- _Data for this exercise_
*** Block opens ***
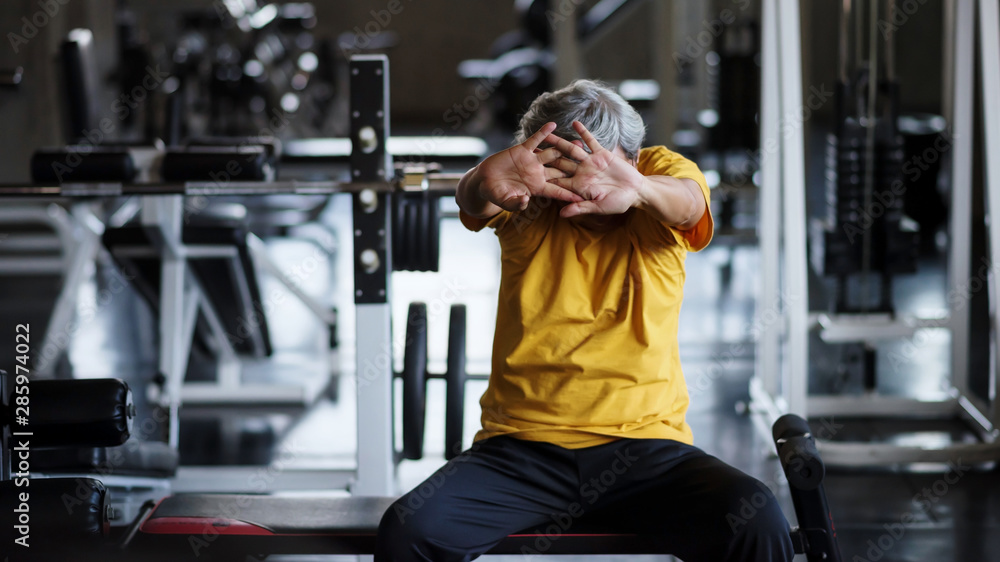 Fototapeta premium Senior strong man stretch hands in gym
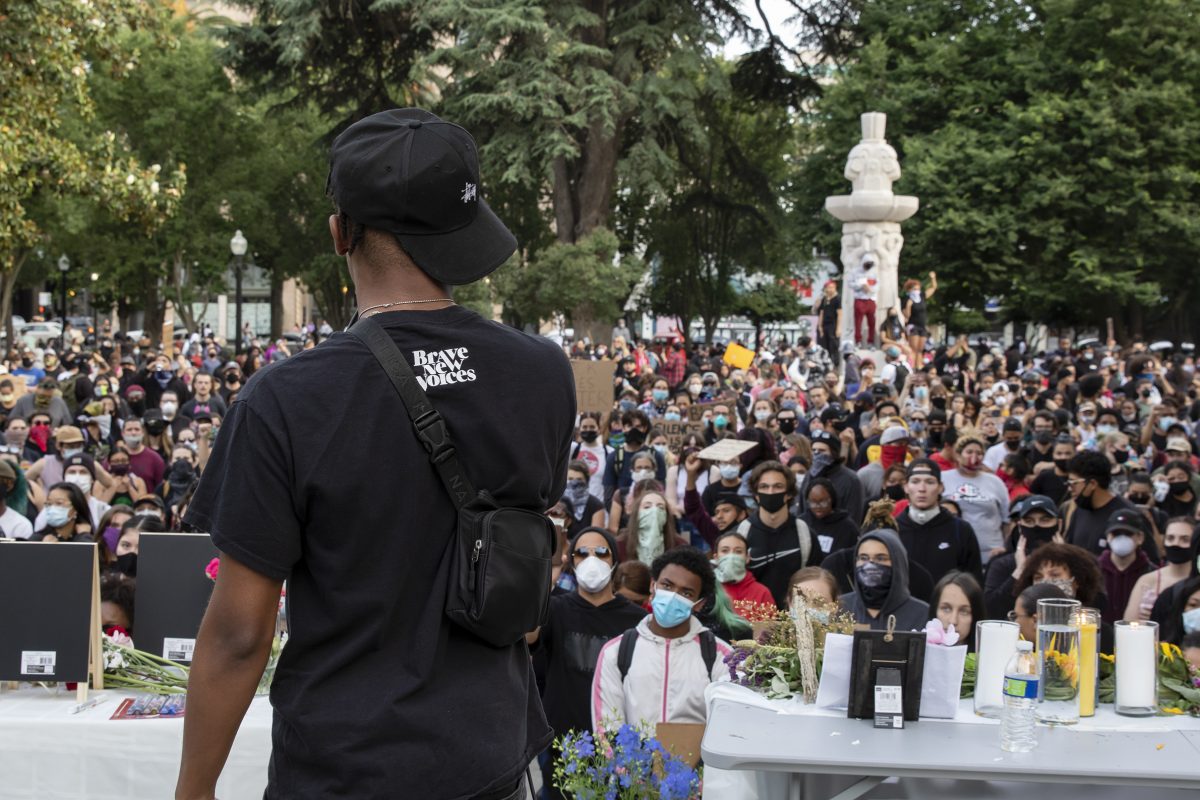 Demonstrators at Cesar E. Chavez Plaza listen to speakers during the protest over the death of George Floyd in Sacramento, California, Sunday, May 31, 2020. George Floyd died in Minneapolis Monday, May 25, after being detained by police. (Sara Nevis/snevis.express@gmail.com)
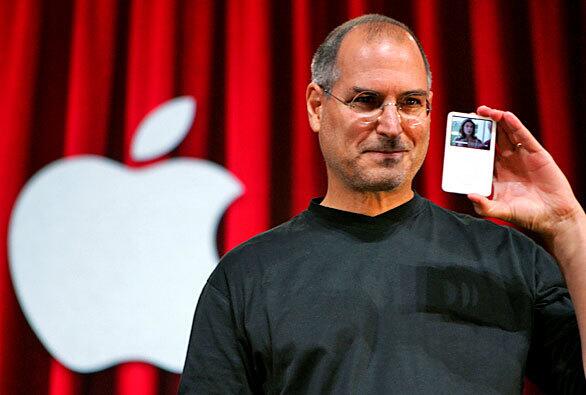 Jobs holds up the new iPod, showing an episode of hit television show "Desperate Housewives." Apple Computer Inc.'s momentum in 2005 seemed unstoppable as it launched one hit product after another: the iPod Shuffle, the Mac Mini, the iPod Nano, a video-playing iPod and TV shows for sale on its iTunes store.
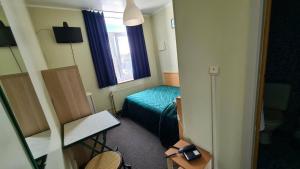 a small room with a bed and a window at hotel Melissa in Péruwelz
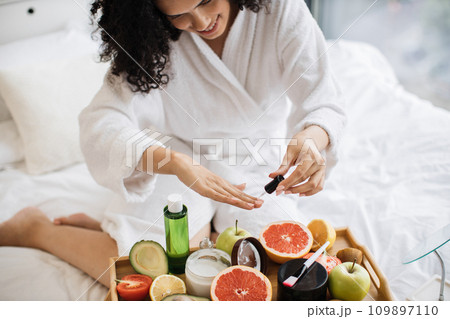 Top view of hands of lady in dressing gown, paints nails Top view of hands of lady in dressing gown, paints nails 109897110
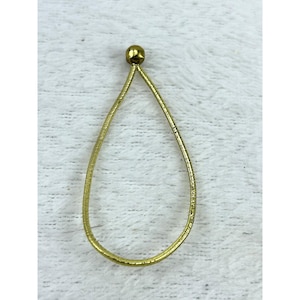 May include: A gold-toned teardrop-shaped pendant featuring a flexible, textured wire band that tapers to a point at the top, finished with a small, smooth, spherical gold-toned bead at the apex of the teardrop loop structure.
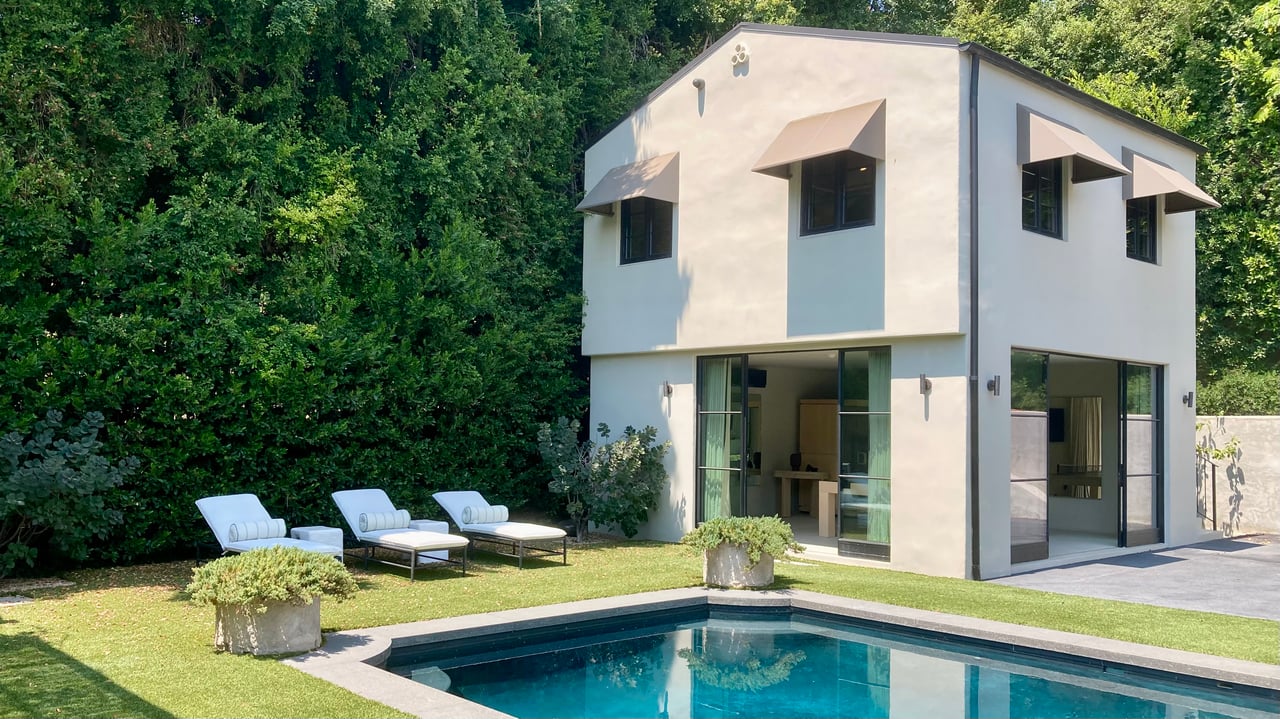 Modern two-story detached ADU in Los Angeles with stucco exterior, black-trim windows, backyard pool, and lounge seating.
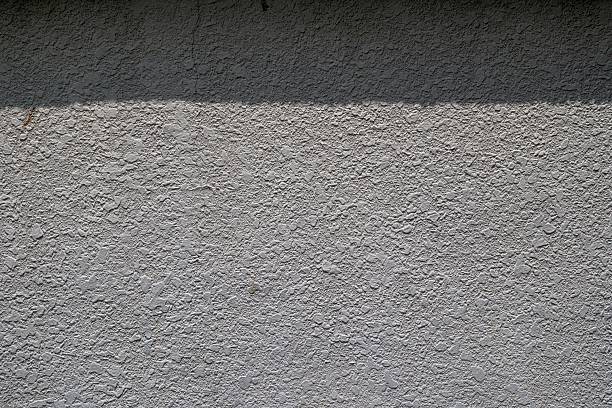 istock The pattern of surface wall concrete for background. Abstract of surface wall concrete for vintage background. Rusty damaged to surface wall. 2237994402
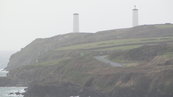 SX00272 Two of the White Towers and Metal Man Tramore.jpg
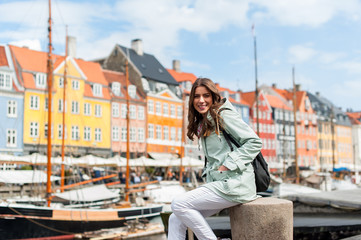 Happy young tourist woman with backpack at Copenhagen, Nyhavn, Denmark. Visiting Scandinavia,...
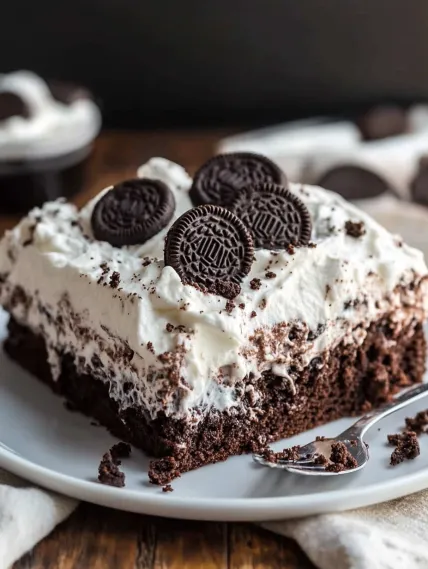 A slice of chocolate cake with white frosting and two chocolate cookies on top.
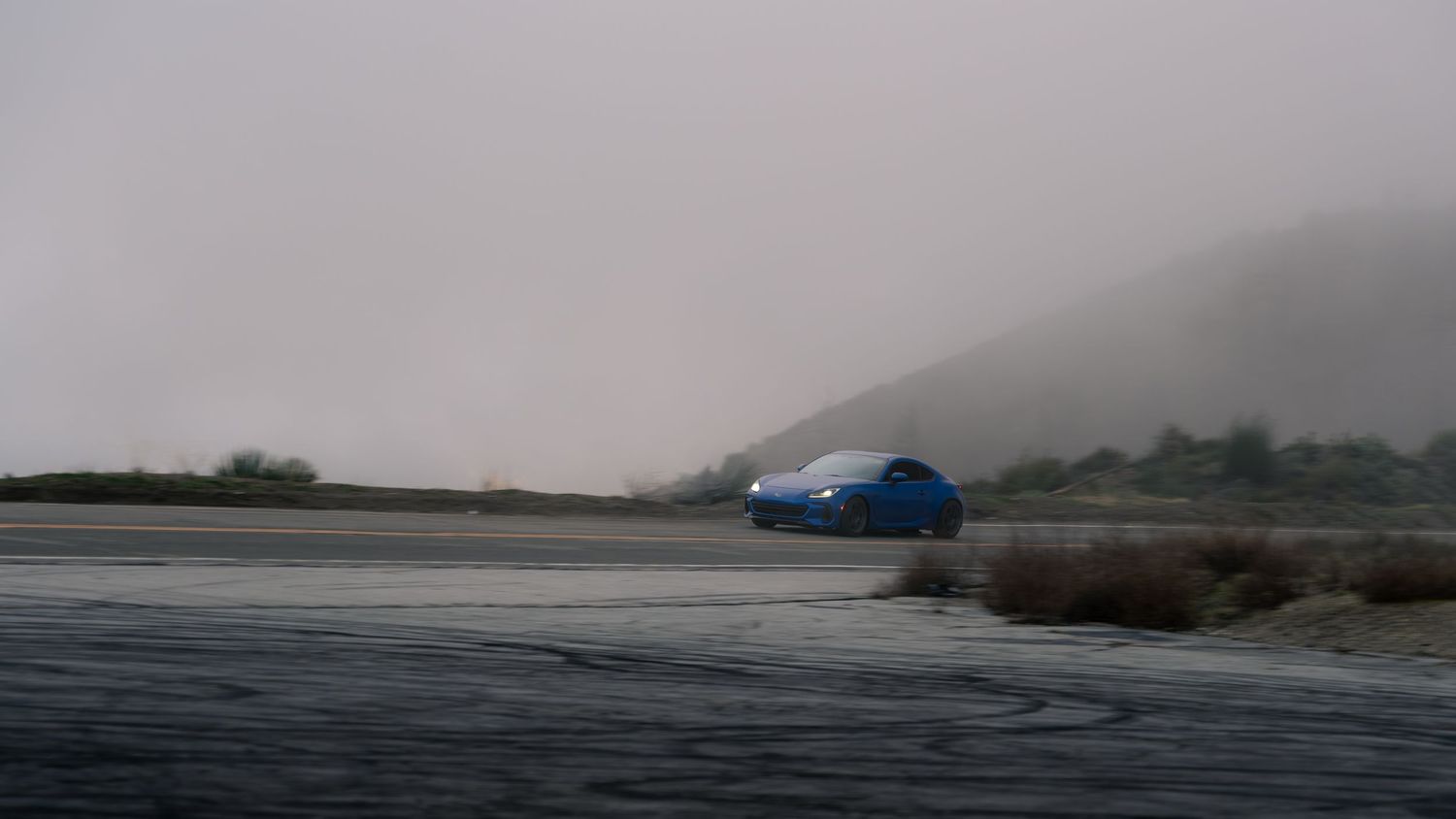 Misty coastal road with luxury vehicles in the distance.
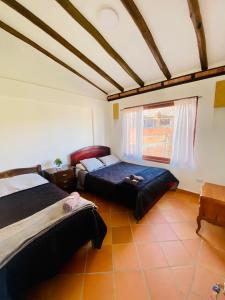 1 dormitorio con 2 camas y ventana en Celestial de la villa, en Villa de Leyva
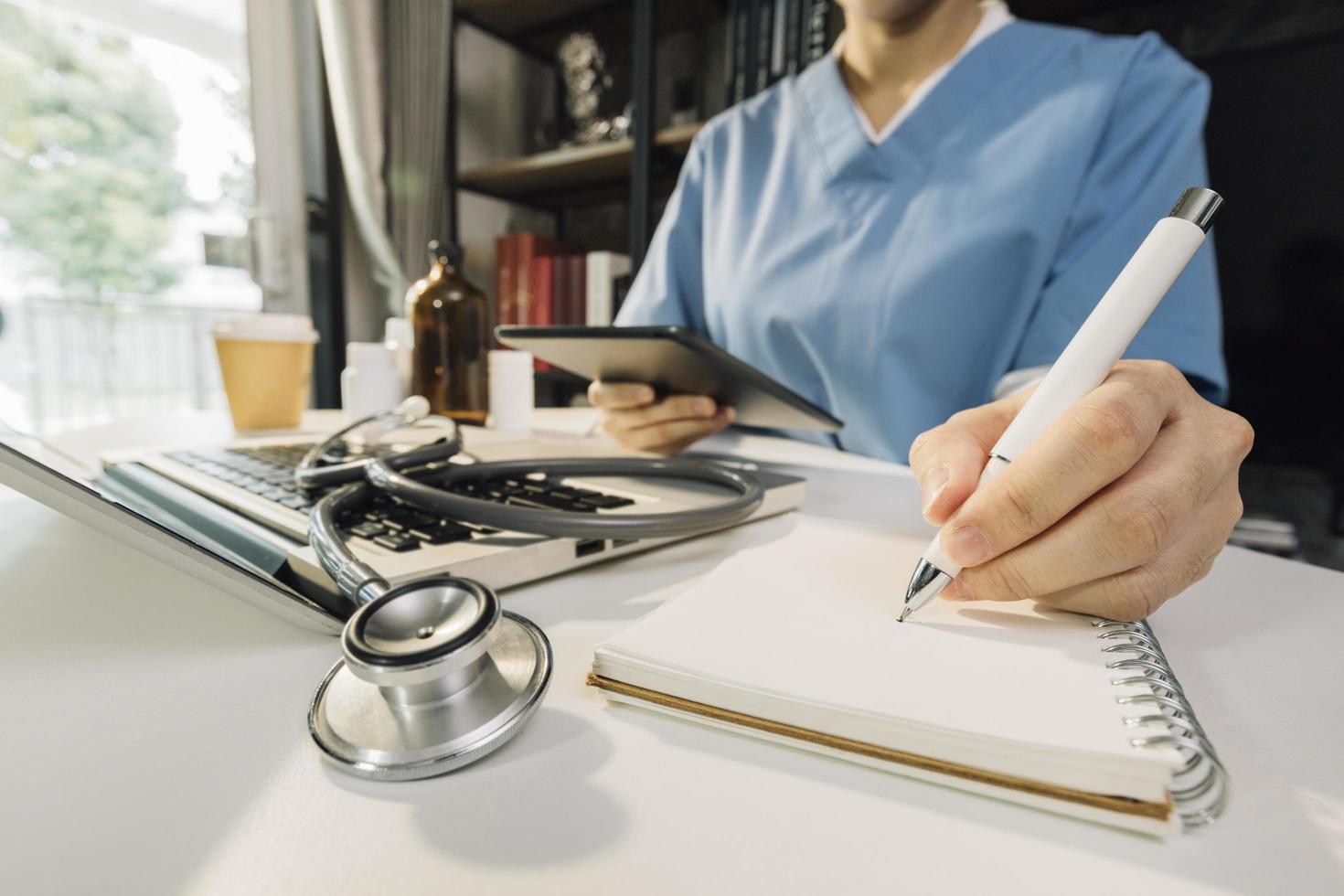 Medicine doctor and stethoscope touching icon medical network connection with modern interface on digital tablet in hospital background. Medical technology network concept photo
*** Block closes ***
- _What you have to do_
Leave out each picture and extract the lines from the one containing "istock The pattern" through the end of the records above, inclusive, exactly as they stand.

- _Answer for the task_
 istock The pattern of surface wall concrete for background. Abstract of surface wall concrete for vintage background. Rusty damaged to surface wall. 2237994402
 SX00272 Two of the White Towers and Metal Man Tramore.jpg
 Happy young tourist woman with backpack at Copenhagen, Nyhavn, Denmark. Visiting Scandinavia,...
 A slice of chocolate cake with white frosting and two chocolate cookies on top.
 Misty coastal road with luxury vehicles in the distance.
 1 dormitorio con 2 camas y ventana en Celestial de la villa, en Villa de Leyva
 Medicine doctor and stethoscope touching icon medical network connection with modern interface on digital tablet in hospital background. Medical technology network concept photo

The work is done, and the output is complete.